Blood Vial is a retro-inspired micro-FPS from solo developer Dillon Steyl, released May 4. The hook: your health bar leaks constantly, and the only way to refill it is by swimming through the blood of enemies you’ve already killed. It’s a loop built on aggression and momentum — stop moving, stop shooting, and you die. The roguelite structure sends you through procedurally shuffled crypts, catacombs, and cathedrals, stacking upgrades and new weapons run over run.

At $4.99 — currently $4.24 at a 15% launch discount — it’s priced like a round of arcade credits. The early audience is already locking in. One player with 6.4 hours logged described it as “fast, unique, and addicting,” adding that they “usually slam out at least one run a day” chasing leaderboard positions. Another, at 18 minutes played, simply wrote: “Buy this game it’s incredible.” Brevity is its own endorsement.

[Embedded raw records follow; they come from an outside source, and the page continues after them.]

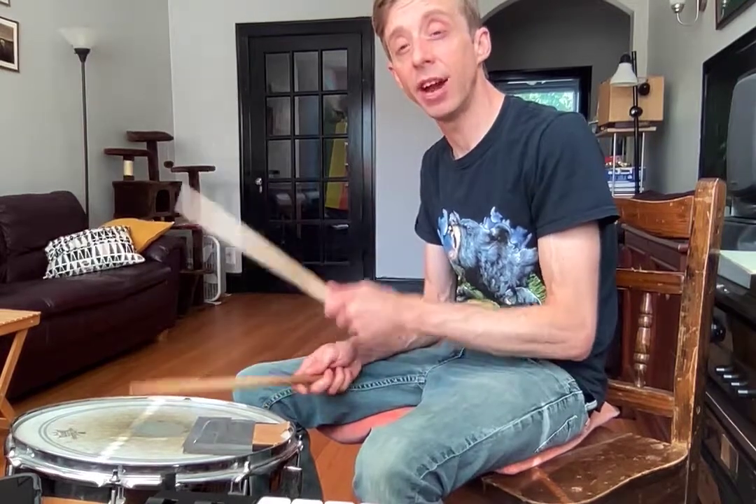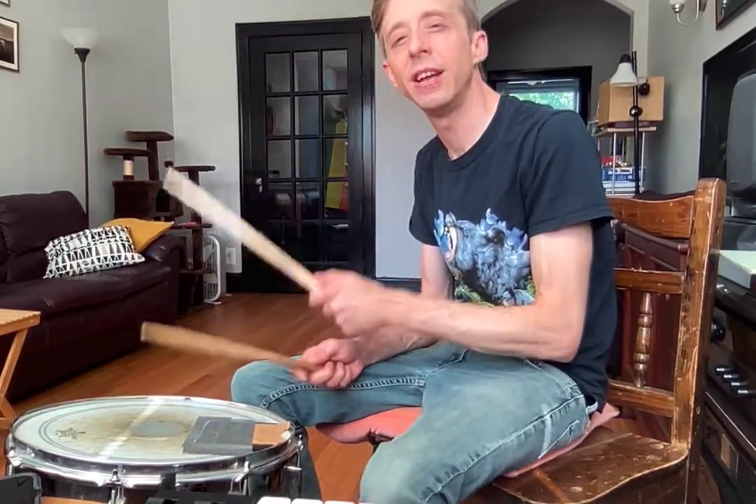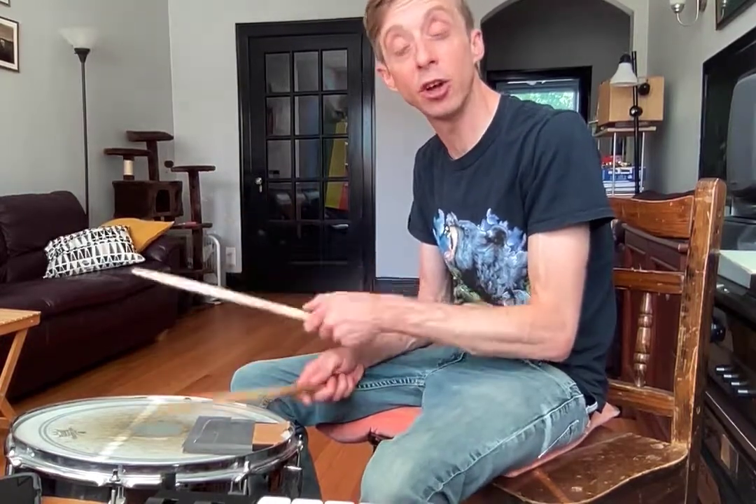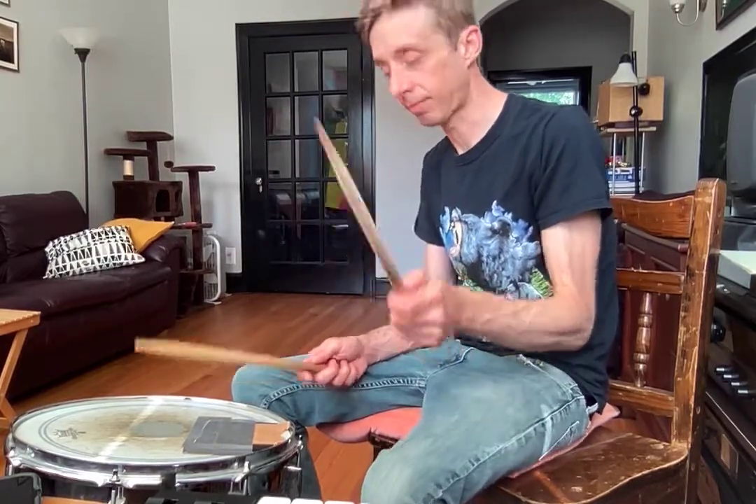And you go: just and Frank and just and Frank and just and Frank — and just and switch over again. Just and Frank and just and Frank — and then switch back over again. Just and Frank and just and Frank.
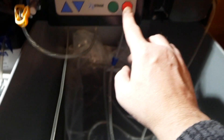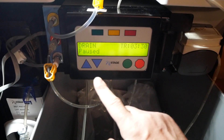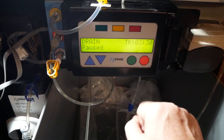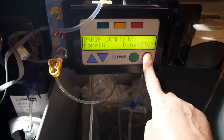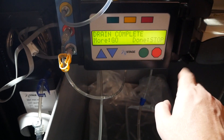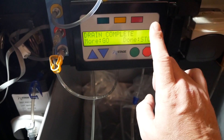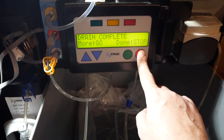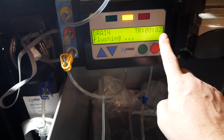We can stop that by hitting the stop button to pause, then hold down the stop button again and it'll say 'drain complete' - in other words, do you want to drain more or are you done? And we are done.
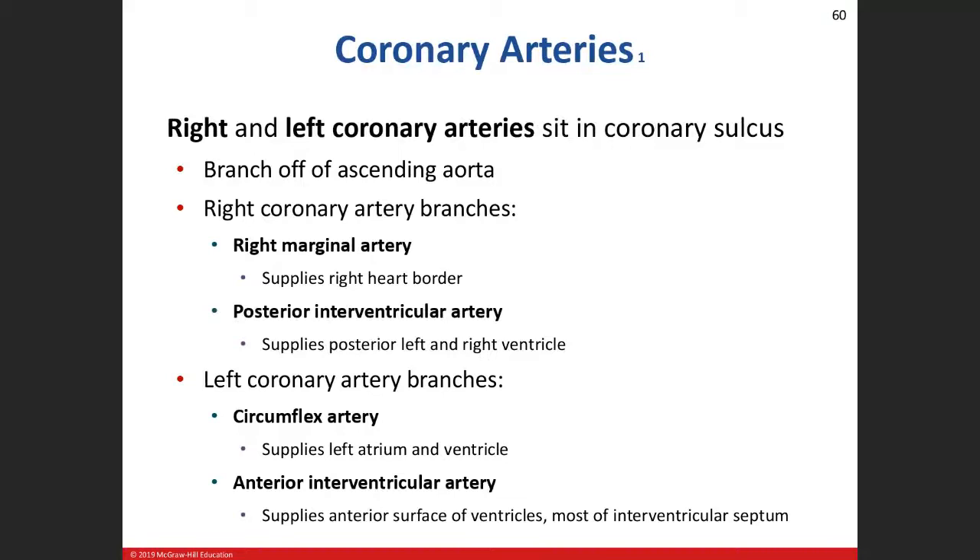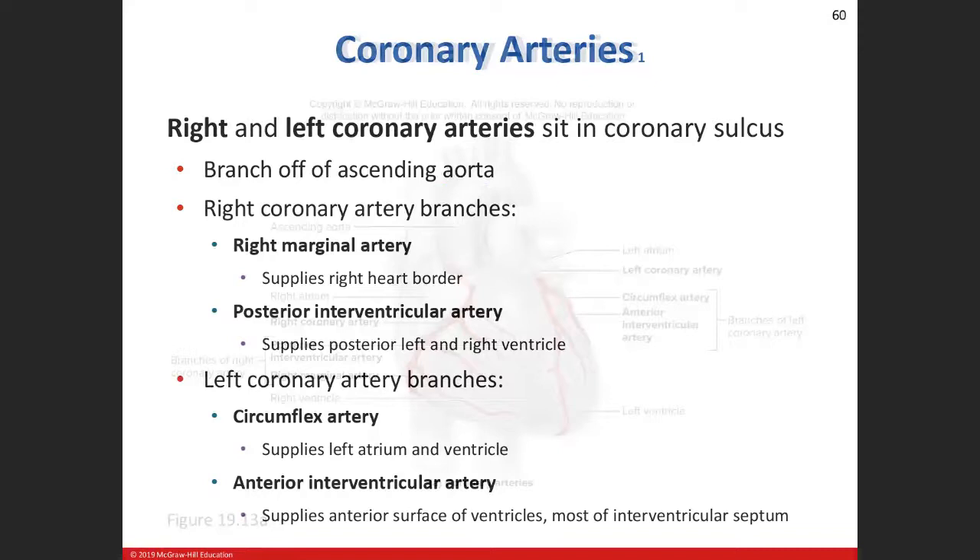Let's quickly talk about the blood supply. The right and left coronary arteries come off the ascending aorta. As blood leaves the heart, it goes into the ascending aorta, then the arch of the aorta, then the descending thoracic aorta. When it pierces through the diaphragm into the abdominal cavity, it becomes the descending abdominal aorta. If I say descending thoracic aorta, you know we're above the diaphragm in the rib cage; descending abdominal aorta means below the diaphragm.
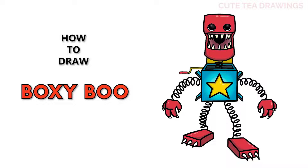Hey guys, welcome to Cutesy Drawings! Today I'll be drawing Boxy Boo. I'll be drawing on my tablet, but you can also follow along on paper. Please remember to like and subscribe. Okay, now let's get started with this drawing.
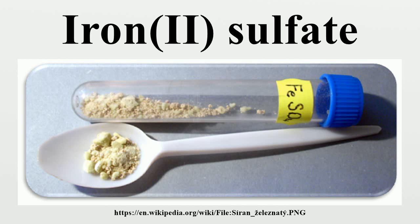Known since ancient times as copperous and as green vitriol, the blue-green heptahydrate is the most common form of this material. All iron sulfates dissolve in water to give the same aqua-complex [Fe(H₂O)₆]²⁺, which has octahedral molecular geometry and is paramagnetic.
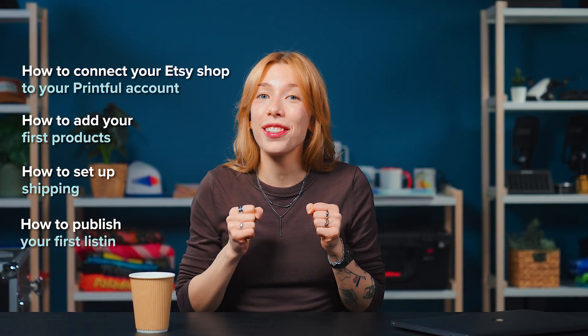Hi, I'm Elisabeth from Printful. In this video, I'll show you how to connect your Etsy shop to your Printful account, add your first products, set up shipping, and publish your listing so you can start selling in no time.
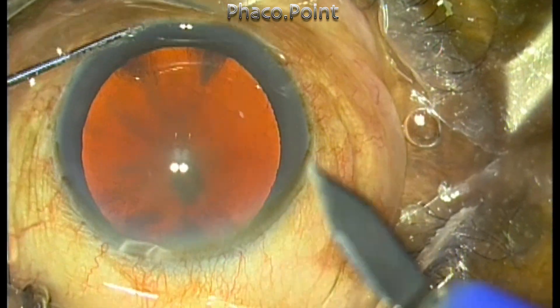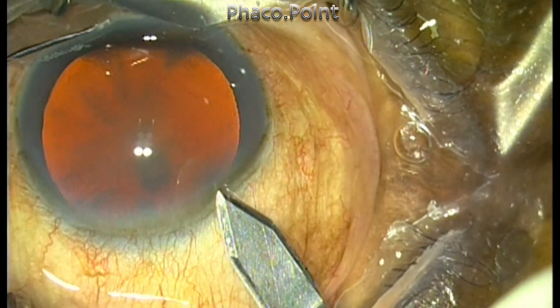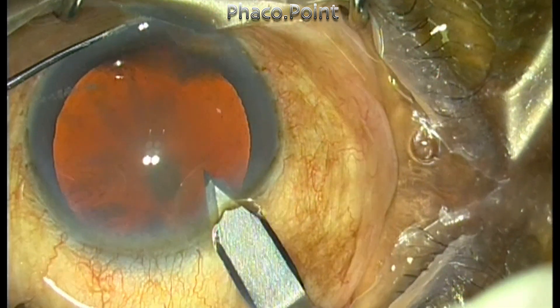This is a patient with an extremely hard, grade 5 to 6 nucleosclerotic cataract, as you can see from the red glow itself.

The caveat: multiple reviewers flag the length. Even the most enthusiastic note it’s “not a long game to complete for the first time,” with requests for more acts, weapons, and mechanics. The replay pitch is the roguelite grind — procedural layouts, upgrade variance, leaderboard chasing — but the content well has limits right now.

Seventy-five concurrent players isn’t a phenomenon. It’s a seed. But the Featured Win slot is the real pickup here. That’s Steam’s algorithm deciding a game is worth surfacing, and for a solo dev with zero marketing budget, it’s the difference between “hidden gem” and “actually found.” GameGrin already flagged it as one of the week’s standout hidden gems before the placement even hit.

The question now is whether the 100% rating holds as the audience scales. Perfect reviews at 32 players is a small sample with a self-selection problem — the people who bought a $5 indie boomer shooter on day one came in already interested. The Featured slot brings in everyone else. That’s when scores get real.